From the records below, output exactly the lines running from the line containing "2025 new large-capacity" through the line containing "451 Main St, Ashland, PA", and no others.

The data |

◆ ◆ ◆ ◆ ◆ ◆ ◆

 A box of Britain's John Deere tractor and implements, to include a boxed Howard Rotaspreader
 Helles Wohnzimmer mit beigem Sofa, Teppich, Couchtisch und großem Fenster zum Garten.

◆ ◆ ◆ ◆ ◆ ◆ ◆

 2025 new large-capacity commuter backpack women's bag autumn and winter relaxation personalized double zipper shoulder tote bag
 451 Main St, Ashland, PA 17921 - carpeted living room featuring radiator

◆ ◆ ◆ ◆ ◆ ◆ ◆

Written reply |
 2025 new large-capacity commuter backpack women's bag autumn and winter relaxation personalized double zipper shoulder tote bag
 451 Main St, Ashland, PA 17921 - carpeted living room featuring radiator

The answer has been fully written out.